Then all of the common newsreaders are broken by your definition.

They all wait for a response. The time they wait before assuming that the send attempt has failed due to a transmission problem is configurable, and the response to such a failure can also sometimes be configured, but may well be hard coded. Most newsreaders are single threaded, and so cannot be used to read messages while waiting for the server to respond, so you have to decide on a compromise between hanging round waiting for responses and reading other messages.

Reply to
John Williamson

I use aioe.org, and my newsreader has never sent multiple posts. And I can certainly use it while it is posting or waiting to post or receive. It uses a separate transport for that. Which also manages to know if a post has been sent successfully.

Reply to
Dave Plowman (News)

Says Mr Nice Fast Urban Broadband...

I've not done a speed test at the time mine does it, but I'd hazard a guess that I'm getting a chunk under 500kbit.

Reply to
Adrian

Not really to do with being on broadband I think, more they way the setup works. I used Usenet on dialup and then 512k broadband for a number of years

I don't I've ever had a post sent multiple time by my newsreader, and I can also read and post stuff whilst it's dealing with sending and collecting news.

I use Turnpike, and the news posting and collecting is handled by an a separate program from the reading.

Only downlaoding the headers to start with, rather than the full message, will put more overhead on the system when reading as well.

Reply to
chris French

No - I was using the same software on dialup. Written by those who understand Usenet - which rules out MS.

Think what it does is talk to the other end.

'Are you ready to receive a message? No? Ok - I'll leave it till later.'

Reply to
Dave Plowman (News)

She was blonde. And I am thinking of asking her to marry me.

Reply to
ARW

Back in the day, when they were typical connections. I suspect that the combo of newer-version software "expecting" faster connections and the increasing flakiness of semi-orphaned and unloved news servers is contributing.

Reply to
Adrian

"Did you get that OK?" "Soddit, I'll resend"

Reply to
Adrian

There are tow possibles to 'are you ready?'

One is the sound of silence, the other is 'no'.

How long you listen to the sound of silence is a moot point.
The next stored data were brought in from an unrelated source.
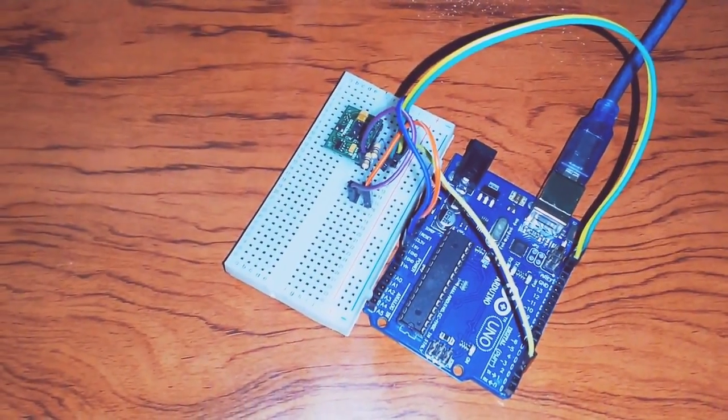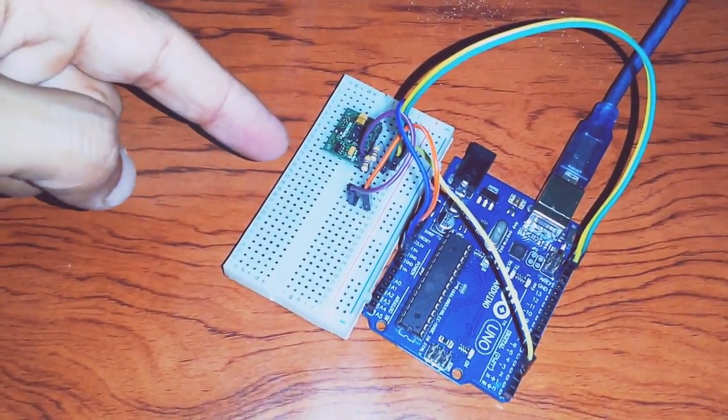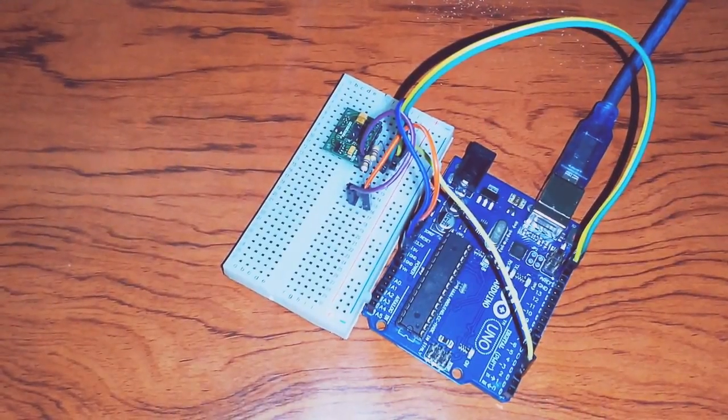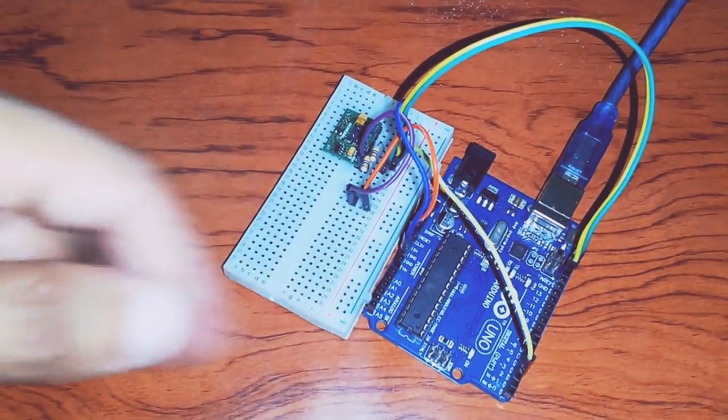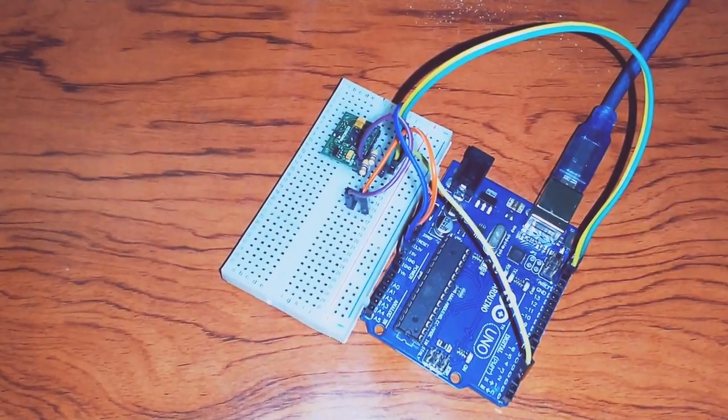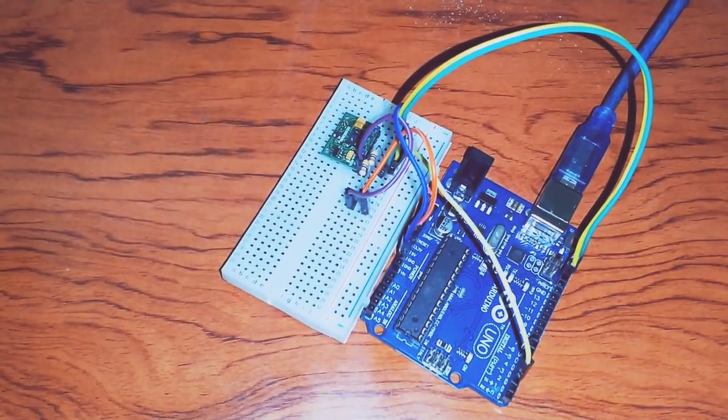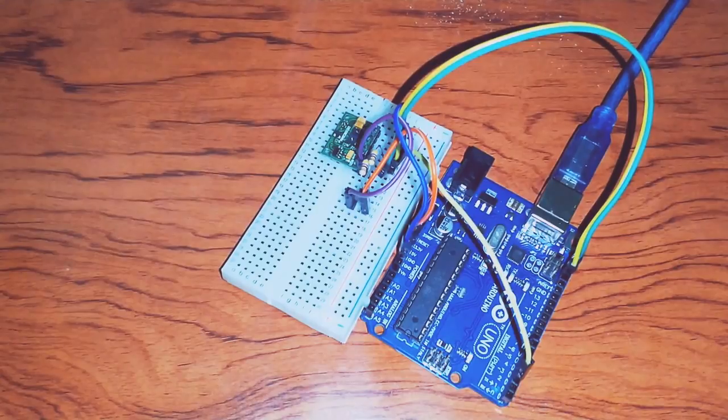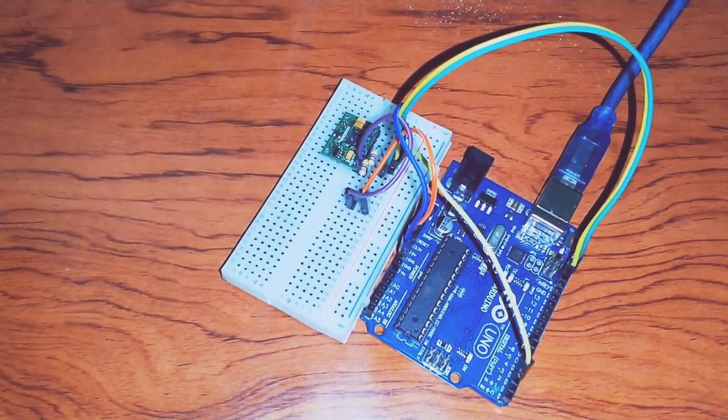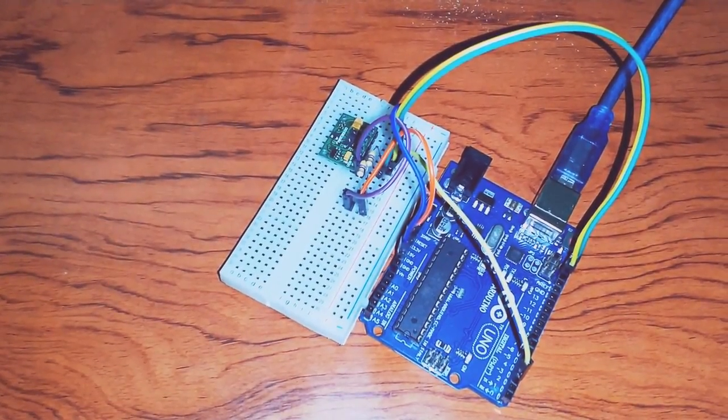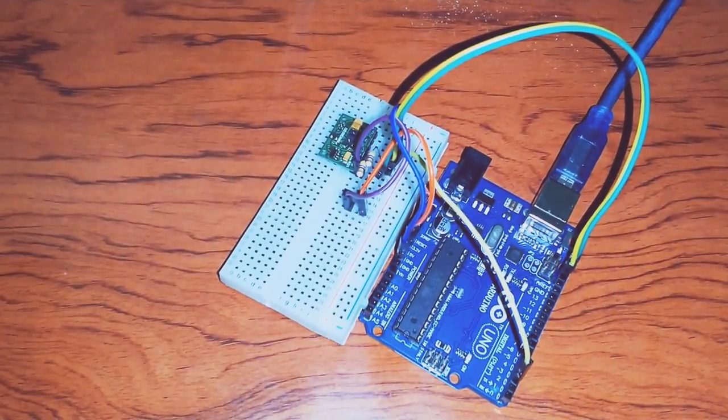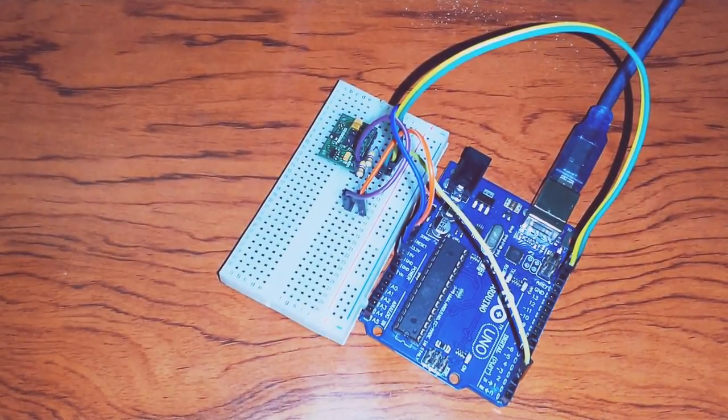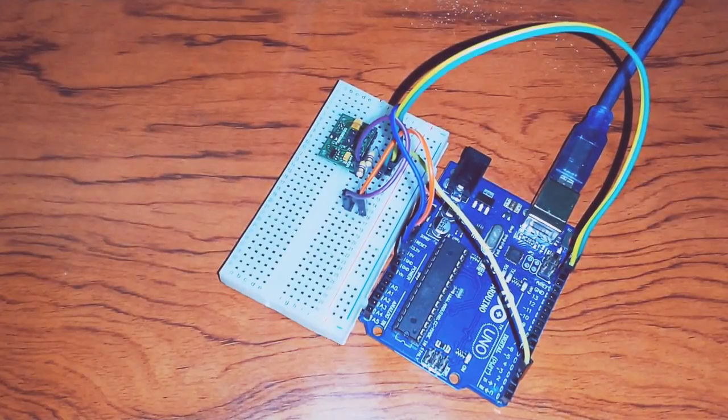Hello guys, this is the MAX30100 sensor, which is a heart rate and oximeter sensor connected to Arduino Uno. I've searched a lot about how to wire this sensor with the Arduino and how to properly program it, and I was not successful until today. I found a way to do it and wanted to share with you guys so you might want to try it.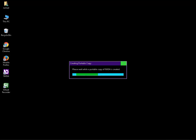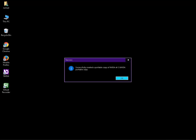If you didn't select the Copy Current User Settings option, the creation process will not take much time. I have selected the Copy Current User Settings checkbox, so it took some time. Press OK or Enter when done.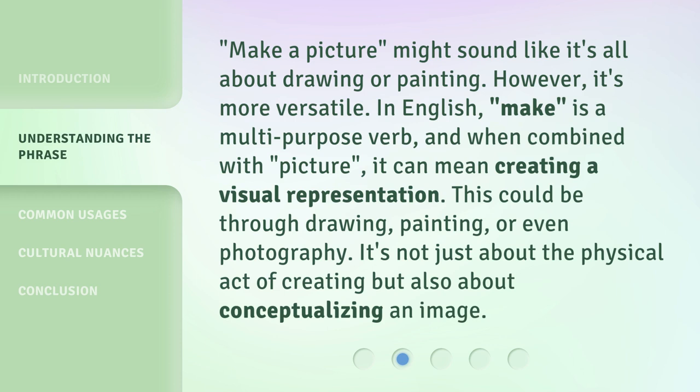Make a picture might sound like it's all about drawing or painting. However, it's more versatile. In English, make is a multi-purpose verb. And when combined with picture, it can mean creating a visual representation. This could be through drawing, painting, or even photography. It's not just about the physical act of creating, but also about conceptualizing an image.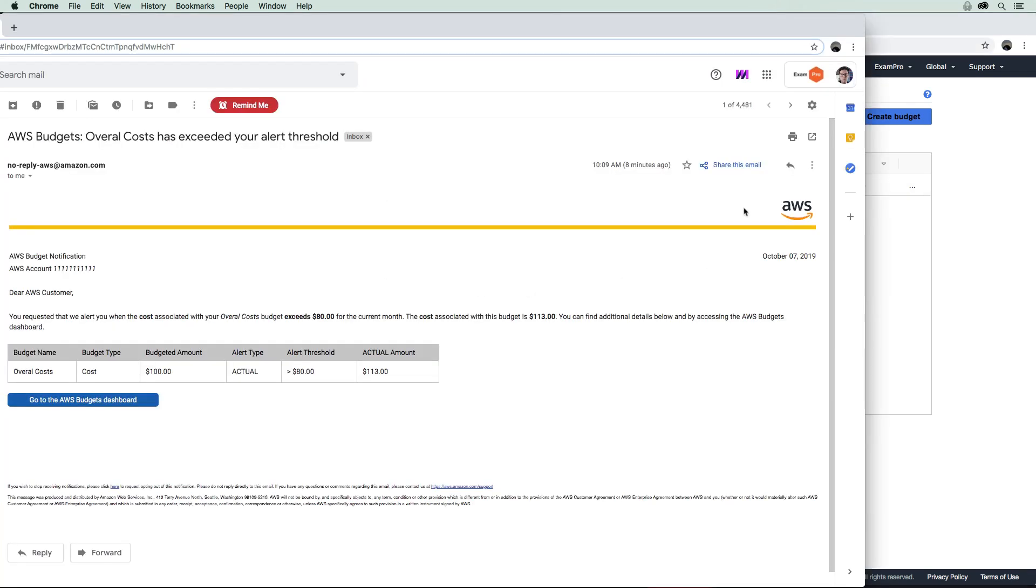I just wanted to show you that the email here came through for AWS Budgets and just what it looks like. Here you can see that it says I exceeded the amount of $80. When we entered in that 80%, it calculated the dollar amount for us there; it just shows us that information. So there you go. That's all you need to know for AWS Budgets.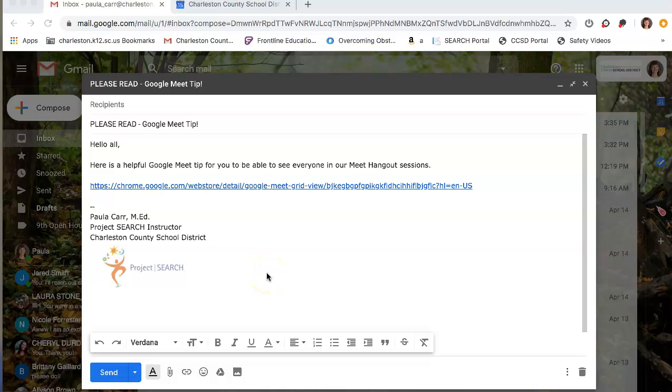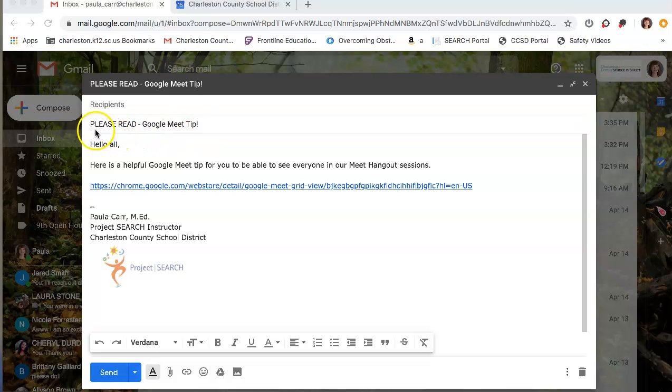Hi guys, it's Ms. Carr here. So as we continue doing these Google Meet Hangout sessions, I found something that's really helpful that will be able to help you see everyone. I am sending you an email that says please read Google Meet Tip. Go ahead, click on that email and open it.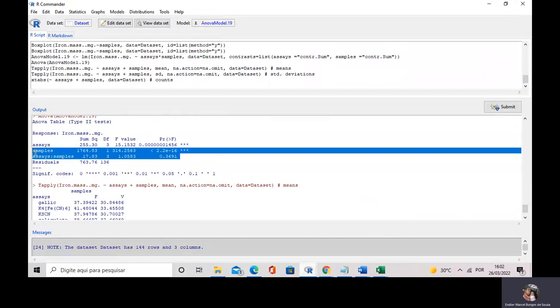This is how I can do one-way and two-way ANOVA using R Commander. I expect that you enjoyed it, and I will see you in the next video about R Commander. Many thanks for your attention.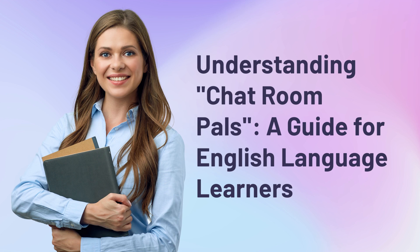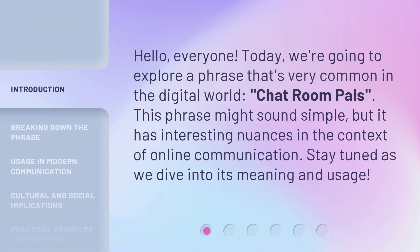Understanding Chatroom Pals, a guide for English language learners. Hello, everyone. Today, we're going to explore a phrase that's very common in the digital world: chatroom pals. This phrase might sound simple, but it has interesting nuances in the context of online communication. Stay tuned as we dive into its meaning and usage.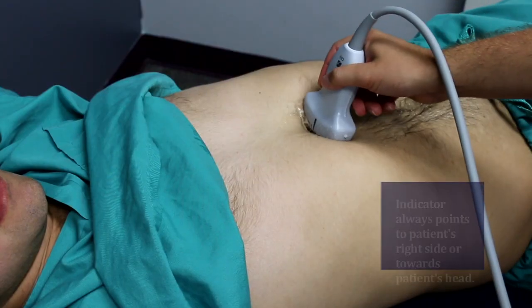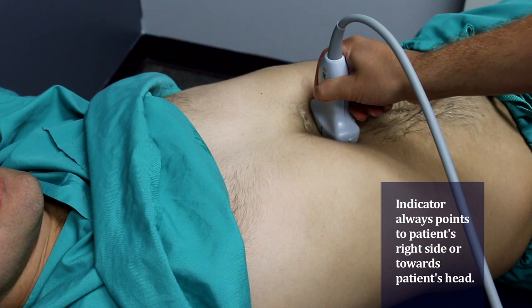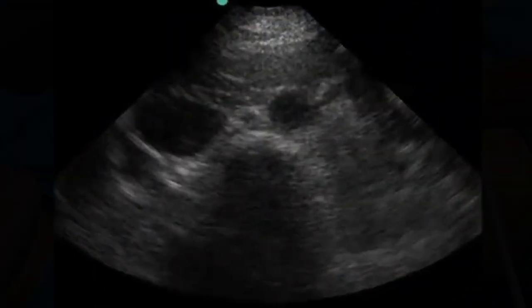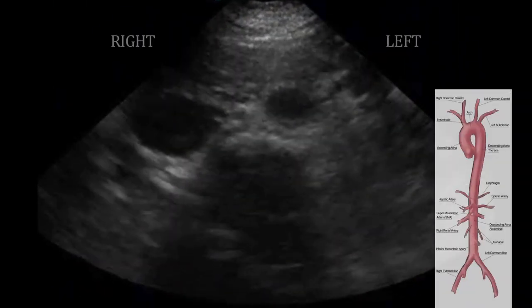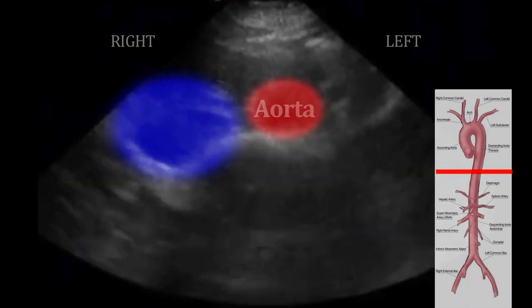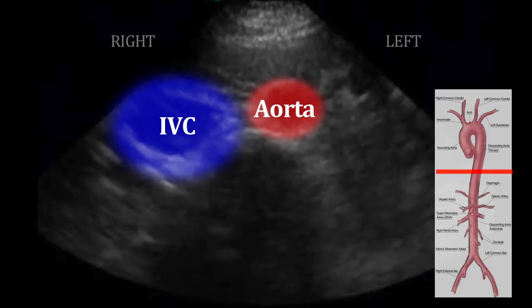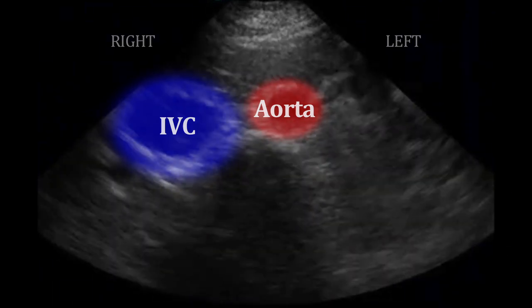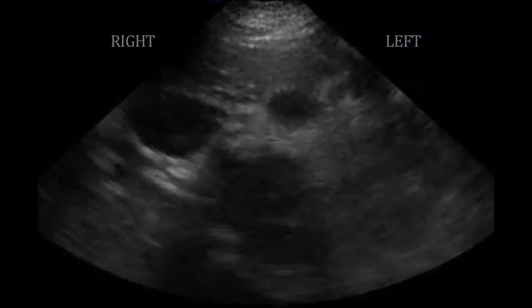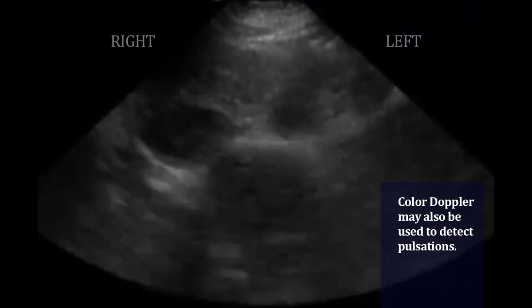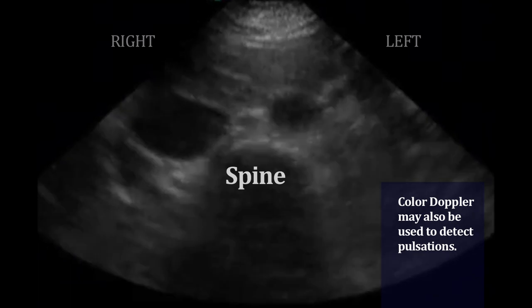We begin our exam with a short axis view, just below the sternum, to view the aorta in cross-section. Once we have this view, it's important to establish our anatomy. We see two circles here at the top of the screen, which are the aorta and the IVC. Recall that the aorta is on the patient's left, and since it's receiving blood directly from the pumping heart, it's slightly more pulsatile than the IVC.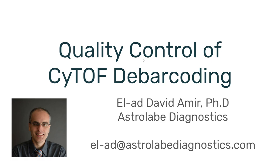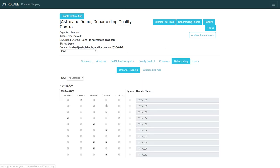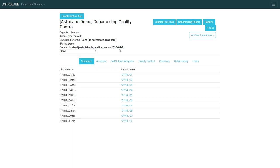Looking at Astrolabe, there's a few ways in which the platform helps you do the quality control on your barcoding. First, when you set up the experiment, you can set up the barcoding scheme. We support the Fluidigm barcoding kit, Livecell barcoding, cisplatin barcoding, really anything that comes to mind.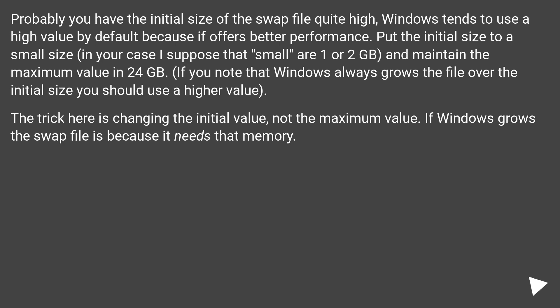The trick here is changing the initial value, not the maximum value. If Windows grows the swap file it's because it needs that memory.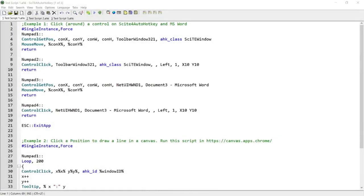Hi guys, in this video I'm going to teach you how you can use the ControlClick command, which allows you to send a mouse event such as a click directly to a window or to a control within that window. If you're interested in this topic, please continue watching.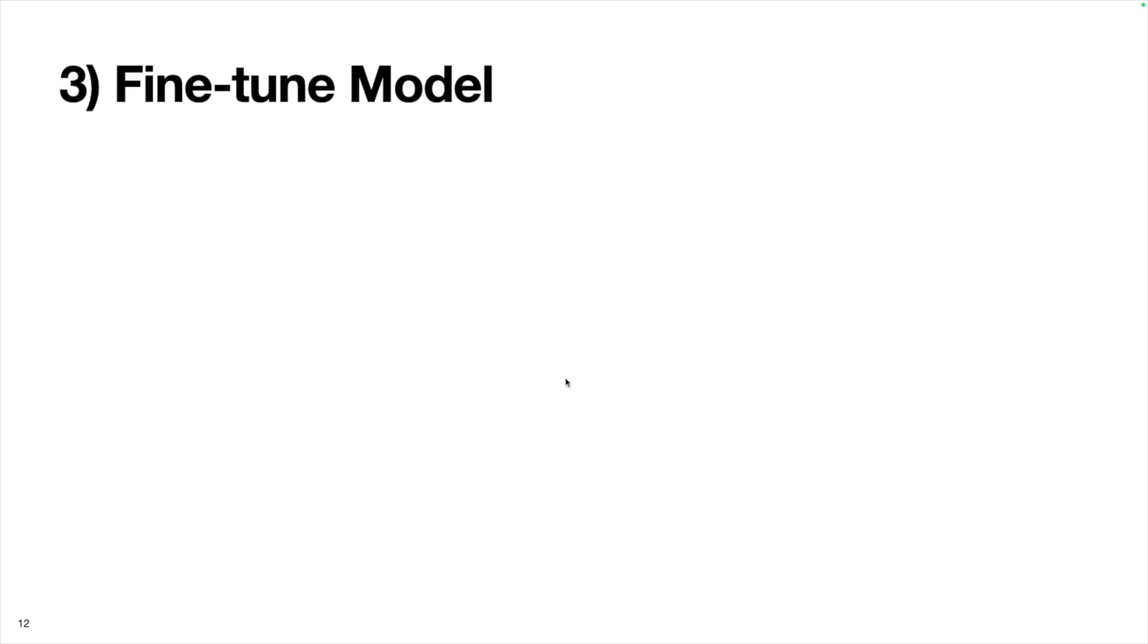Now we can fine tune the model in a pretty straightforward way. In fact, we don't even have to write any Python code to do this. This guy, Jarrett Burkett, he has this company called Ostris and he created this training endpoint on Replicate that you can freely use.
Generally on today's internet anything more the a second is 'time out'

Reminds me of a long ago afternoon in childhood when my elder sisters and their odd friends were playing the balcony scene from Romeo and Juliet, largely because the friends had a balcony...

"Wherefore art thou, Rom-ee-o?" (repeated twice) 'Oh just hang ON, I'm behind a bush doing something.'

Reply to
The Natural Philosopher

On Thursday 21 November 2013 17:38 Adrian wrote in uk.d-i-y:

I've not noticed anything in general terms - and I'm using tethered 3G quite a lot on the train to read news.

Tethered 3G makes 57000 baud modem links look *good* most of the time. Sure, it peaks at several Mbps on a good day. In a few minutes you can be down to bugger all and packet round-trip times of several MINUTES (I kid you not - I leave ping running in a terminal so I can see when the signal gets good and quickly do stuff before the next tunnel.

Reply to
Tim Watts

On Thursday 21 November 2013 18:31 The Natural Philosopher wrote in uk.d-i- y:

You've overlooked 3G (my other recent post in this thread).

A man's internet connection on 3G now makes what we had in the 90's look like an example of rock solid stability.

In fact, 3G really shows how well TCP was designed.

Reply to
Tim Watts

TB here is set for 30 seconds. It's also set to put a message up on screen telling me the send attempt has failed and would I like to try again? I've never suffered from the multiple posting problem, even with bad TACS conditions, Which might let you guess how long I've been playing this game.

Reply to
John Williamson

What happened to 'yes'?

If no response, no point in sending the post.

Often takes rather longer than that here as regards email and news.